Background: reason for existence of database, when it began
In 1996, a group of doctors endorsed by the Swiss Societies of Cardiology, Internal Medicine and Intensive Care decided to collect data on patients with acute myocardial infarction (AMI) admitted to voluntarily participating Swiss hospitals. The AMIS (Acute Myocardial Infarction in Switzerland) registry started in January 1997 with the aims of describing the epidemiology of this clinical entity and potential changes, the quality of care with regard to diagnostic and therapeutic procedures, major adverse effects and in-hospital outcome. In 2000, unstable angina was included to further understanding of the care of these patients. The registry was thus renamed AMIS Plus. The year 2005 heralded the introduction of patient follow-ups 3 and 12 months after discharge as well as the documentation of coronary pathology in patients undergoing primary coronary reperfusion. Furthermore, it was decided to document overall mortality in subsequent years. The registry was approved by the Over-Regional Ethics Committee for Clinical Studies, the Swiss Board for Data Security and all cantonal Ethic Commissions.
Organisation
The registry is led by a steering committee (SC), which includes members of the three founding national societies. The SC directs the progress of the registry, regularly revises the questionnaire, decides what data are collected and sets the priorities for data analysis. It is responsible for the medical and financial aspects of the project, data use and announcing results.
The AMIS Plus project is an open-end national registry and comprises a national network between participating acute hospitals and the AMIS Plus Data Center housed by the Institute of Social and Preventive Medicine of the University of Zürich under the supervision of the SC.

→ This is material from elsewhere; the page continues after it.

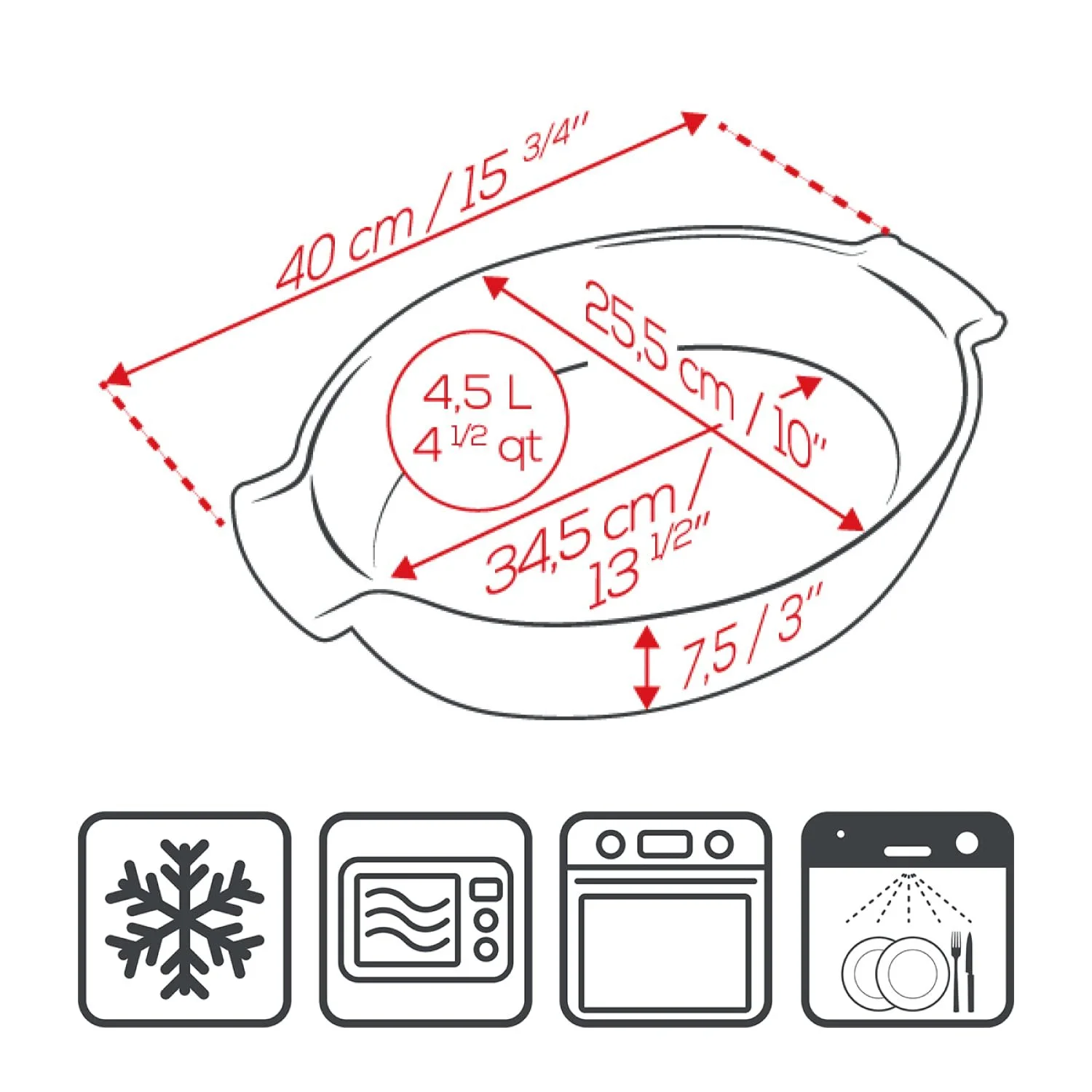 Форма для выпечки Peugeot P60602 керамическая, фото №4 Форма для выпечки Peugeot P60602 керамическая, фото №4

The data are owned by the investigators of the AMIS Plus registry. AMIS Plus is an industry-sponsored project but the supporting institutions do not play any part in the design of the registry, data collection, analysis or interpretation. Besides the current seven main sponsors, 14 further companies have contributed annual donations (see ‘Acknowledgements’).
Data description
All patients with suspected ACS should be considered for inclusion but their eligibility is based on the final diagnosis: AMI, defined by characteristic symptoms and/or ECG changes and raised biomarker levels (troponin according to hospital-specific assay cut-off point or total creatine kinase or creatine kinase-MB fraction at least twice the upper limit or normal), ACS with minimal necrosis (symptoms or ECG changes compatible with ACS and cardiac biomarker levels below the cut-off point for MI) and unstable angina (symptoms or ECG changes compatible with ACS without raised levels of cardiac biomarkers). Patients were also categorised as having ST elevation acute coronary syndrome (STE-ACS) or non-STE-ACS (NSTE-ACS) based on initial ECG findings. Classification of STE-ACS included evidence of ACS as described above and ST-segment elevation and/or presumed new left bundle branch block on the initial ECG. NSTE-ACS included patients with ischaemic symptoms, ST-segment depression or T-wave abnormalities in the absence of ST elevation on the initial ECG.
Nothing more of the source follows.